→ **Records from a data collection**
──────────

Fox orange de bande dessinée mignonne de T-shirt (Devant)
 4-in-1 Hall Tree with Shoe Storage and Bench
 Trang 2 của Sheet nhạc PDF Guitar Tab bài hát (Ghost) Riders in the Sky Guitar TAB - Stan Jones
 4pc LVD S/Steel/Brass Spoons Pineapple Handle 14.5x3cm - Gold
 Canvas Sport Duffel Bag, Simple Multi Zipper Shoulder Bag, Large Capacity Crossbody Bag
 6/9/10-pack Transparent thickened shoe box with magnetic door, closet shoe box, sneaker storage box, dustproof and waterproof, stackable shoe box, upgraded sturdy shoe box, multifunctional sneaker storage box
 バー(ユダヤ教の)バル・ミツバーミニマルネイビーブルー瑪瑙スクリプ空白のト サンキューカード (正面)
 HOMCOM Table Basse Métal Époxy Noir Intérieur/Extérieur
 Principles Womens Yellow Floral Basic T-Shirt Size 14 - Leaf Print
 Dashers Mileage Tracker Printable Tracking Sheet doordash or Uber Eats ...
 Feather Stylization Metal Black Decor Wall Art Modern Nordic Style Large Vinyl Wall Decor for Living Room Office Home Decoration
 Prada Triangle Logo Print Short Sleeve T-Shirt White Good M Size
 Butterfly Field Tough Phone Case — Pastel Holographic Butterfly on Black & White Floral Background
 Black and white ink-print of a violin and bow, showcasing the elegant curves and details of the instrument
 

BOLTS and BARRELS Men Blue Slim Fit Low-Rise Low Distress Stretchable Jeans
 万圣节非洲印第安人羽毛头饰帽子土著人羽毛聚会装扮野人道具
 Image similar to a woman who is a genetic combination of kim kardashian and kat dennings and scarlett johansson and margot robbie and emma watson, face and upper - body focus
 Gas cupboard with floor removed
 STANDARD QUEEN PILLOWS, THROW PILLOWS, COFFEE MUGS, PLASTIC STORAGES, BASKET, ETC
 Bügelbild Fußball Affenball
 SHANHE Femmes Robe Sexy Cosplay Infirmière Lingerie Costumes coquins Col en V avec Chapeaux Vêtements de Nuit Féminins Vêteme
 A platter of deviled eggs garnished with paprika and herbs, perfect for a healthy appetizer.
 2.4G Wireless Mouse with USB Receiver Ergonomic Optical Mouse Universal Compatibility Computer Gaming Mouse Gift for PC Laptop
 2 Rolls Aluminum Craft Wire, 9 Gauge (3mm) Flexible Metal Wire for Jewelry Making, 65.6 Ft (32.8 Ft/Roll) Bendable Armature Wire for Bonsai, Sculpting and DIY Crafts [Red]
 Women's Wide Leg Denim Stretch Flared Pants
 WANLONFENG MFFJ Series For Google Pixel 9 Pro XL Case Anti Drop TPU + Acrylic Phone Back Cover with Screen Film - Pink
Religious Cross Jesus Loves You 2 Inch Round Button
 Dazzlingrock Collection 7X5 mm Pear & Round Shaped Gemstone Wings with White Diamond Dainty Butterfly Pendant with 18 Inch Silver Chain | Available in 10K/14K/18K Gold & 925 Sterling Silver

──────────

Up to and including the line with "Canvas Sport Duffel", output every line of the records above exactly, starting from the first; output nothing else.

→ **SOLUTION FOR THIS EXERCISE**
Fox orange de bande dessinée mignonne de T-shirt (Devant)
 4-in-1 Hall Tree with Shoe Storage and Bench
 Trang 2 của Sheet nhạc PDF Guitar Tab bài hát (Ghost) Riders in the Sky Guitar TAB - Stan Jones
 4pc LVD S/Steel/Brass Spoons Pineapple Handle 14.5x3cm - Gold
 Canvas Sport Duffel Bag, Simple Multi Zipper Shoulder Bag, Large Capacity Crossbody Bag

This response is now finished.